In Response to “The Faces of Greek Life”

I read the Greek Life supplement in the April 15 edition of the Daily Trojan and appreciated the candor with which the writers were able to tackle some of the goings-on within the fraternity and sorority community. As a volunteer for a national fraternity, I spend much of my spare time mentoring Greek leaders and helping develop positive values-based leadership skills. One of the areas I spend time talking to students about is stereotypes within the fraternity and sorority community, and how such stereotypes impact the community. So I was surprised to see the assertion of one of the sorority members that negative portrayals of Greek members are “often based off false opinions from those outside of the Greek system, as well as media coverage that only highlights the negative.” If this is believed to be a problem, then how can it be solved?

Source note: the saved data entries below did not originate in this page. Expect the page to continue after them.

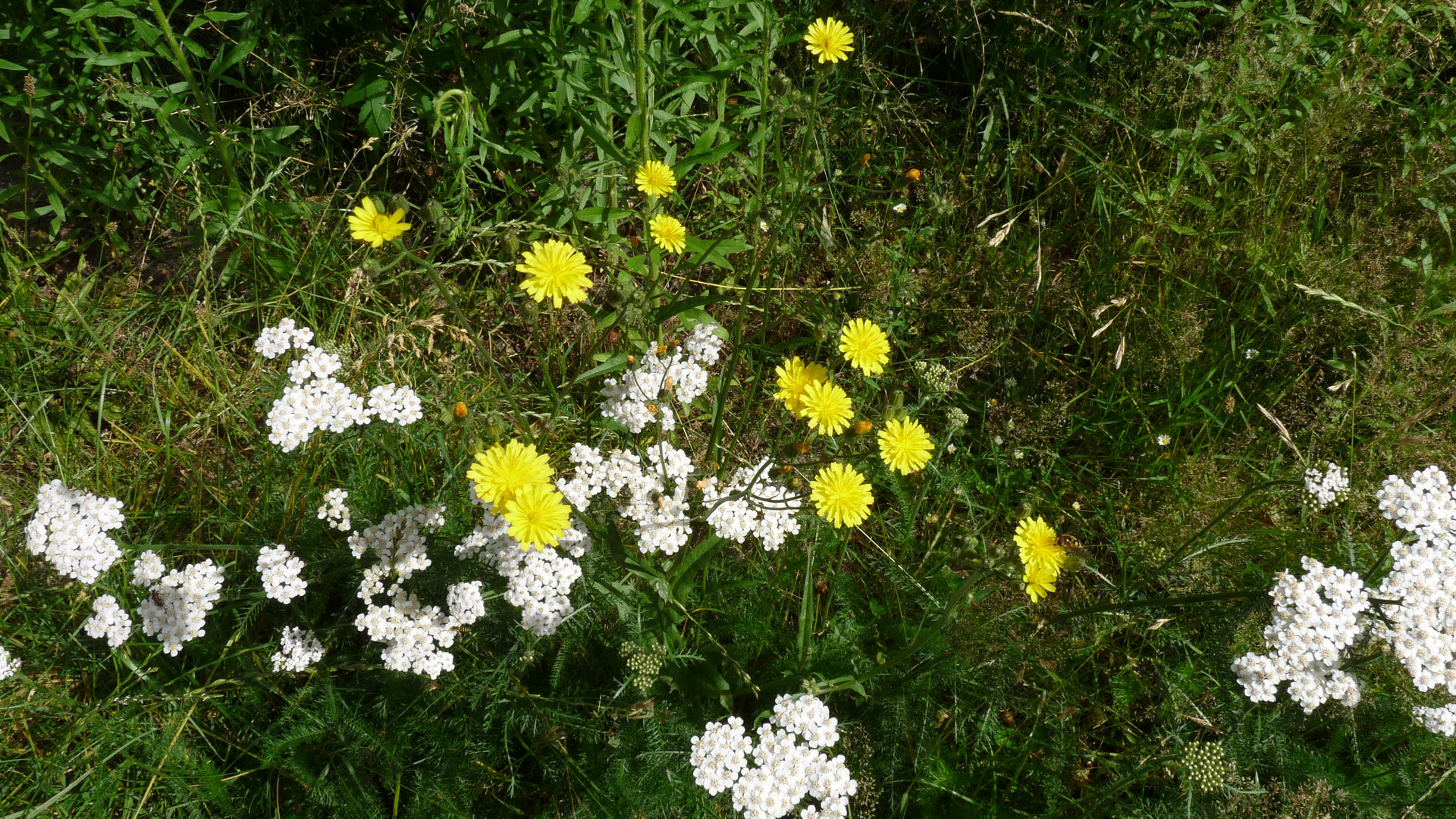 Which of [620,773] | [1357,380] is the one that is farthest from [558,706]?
[1357,380]

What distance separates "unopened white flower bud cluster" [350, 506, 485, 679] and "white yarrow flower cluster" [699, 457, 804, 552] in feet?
2.10

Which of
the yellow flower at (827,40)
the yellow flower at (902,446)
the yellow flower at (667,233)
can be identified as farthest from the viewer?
the yellow flower at (667,233)

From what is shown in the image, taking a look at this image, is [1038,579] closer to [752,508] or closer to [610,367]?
[752,508]

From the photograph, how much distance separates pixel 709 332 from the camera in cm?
262

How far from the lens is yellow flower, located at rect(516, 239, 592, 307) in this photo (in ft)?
6.89

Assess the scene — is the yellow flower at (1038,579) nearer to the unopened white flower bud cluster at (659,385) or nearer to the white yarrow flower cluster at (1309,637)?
the white yarrow flower cluster at (1309,637)

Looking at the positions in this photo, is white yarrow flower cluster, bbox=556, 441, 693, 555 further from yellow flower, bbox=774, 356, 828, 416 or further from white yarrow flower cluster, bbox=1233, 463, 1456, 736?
white yarrow flower cluster, bbox=1233, 463, 1456, 736

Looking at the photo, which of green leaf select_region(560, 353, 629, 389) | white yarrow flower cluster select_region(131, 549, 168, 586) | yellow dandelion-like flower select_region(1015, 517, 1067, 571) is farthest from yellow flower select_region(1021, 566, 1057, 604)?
white yarrow flower cluster select_region(131, 549, 168, 586)

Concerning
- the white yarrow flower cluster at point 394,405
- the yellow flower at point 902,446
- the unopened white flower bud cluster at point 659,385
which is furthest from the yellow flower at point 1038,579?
the white yarrow flower cluster at point 394,405

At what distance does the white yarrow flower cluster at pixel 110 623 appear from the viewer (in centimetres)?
236

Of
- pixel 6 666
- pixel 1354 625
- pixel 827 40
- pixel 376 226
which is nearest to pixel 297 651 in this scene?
pixel 6 666

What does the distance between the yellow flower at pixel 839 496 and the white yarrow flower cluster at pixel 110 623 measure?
1866mm

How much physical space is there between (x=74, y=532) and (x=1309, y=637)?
308 cm

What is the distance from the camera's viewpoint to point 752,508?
91.9 inches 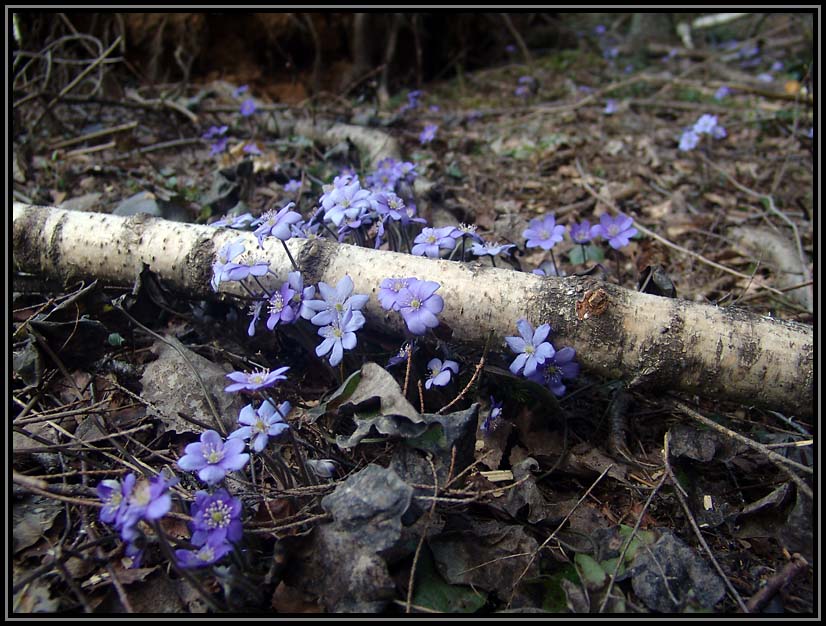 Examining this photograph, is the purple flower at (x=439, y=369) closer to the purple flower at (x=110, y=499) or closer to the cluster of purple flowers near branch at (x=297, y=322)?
the cluster of purple flowers near branch at (x=297, y=322)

Mr. Horton presented the answer to addressing the need to change perceptions about the Greek community: involve more non-affiliated members so they realize how good the community can be. As an insider, it’s often hard to imagine how people don’t know about the good things that fraternity and sorority members do for the community. But how many non-affiliated students are invited and involved in the chapter-based philanthropy events? Or participate in off-campus service events? People’s negative assumptions about Greek life change when they witness values-congruent behavior and negative assumptions are reinforced when they witness incongruent behaviors. If we truly want to change perceptions, then more events need to involve non-affiliated students. When I look around campus in 2014, it feels much the same as 1994, when only Greek members wore t-shirts for the various philanthropy events held throughout the year. Imagine the positive opinions formed if 10,000 more students attended these same events and then wore their pride on their sleeves?

We can’t ignore the very real negative behaviors that impact all of our chapters, regardless of council, that get highlighted in the media. I always tell students that it is not news when people live up to their values, it’s a basic expectation we have for our Greek community. If we want to change negative perceptions, then we need to recruit members who won’t engage in those behaviors. Then, the media will have to focus on something else. So until we present behaviors that can truly counteract false opinions, that honor the rituals of our organizations, we should care less about whether opinions are false or true and instead look to improve every organization that sports Greek letters. We all benefit from reinforcing values congruence and sharing these behaviors with all USC students.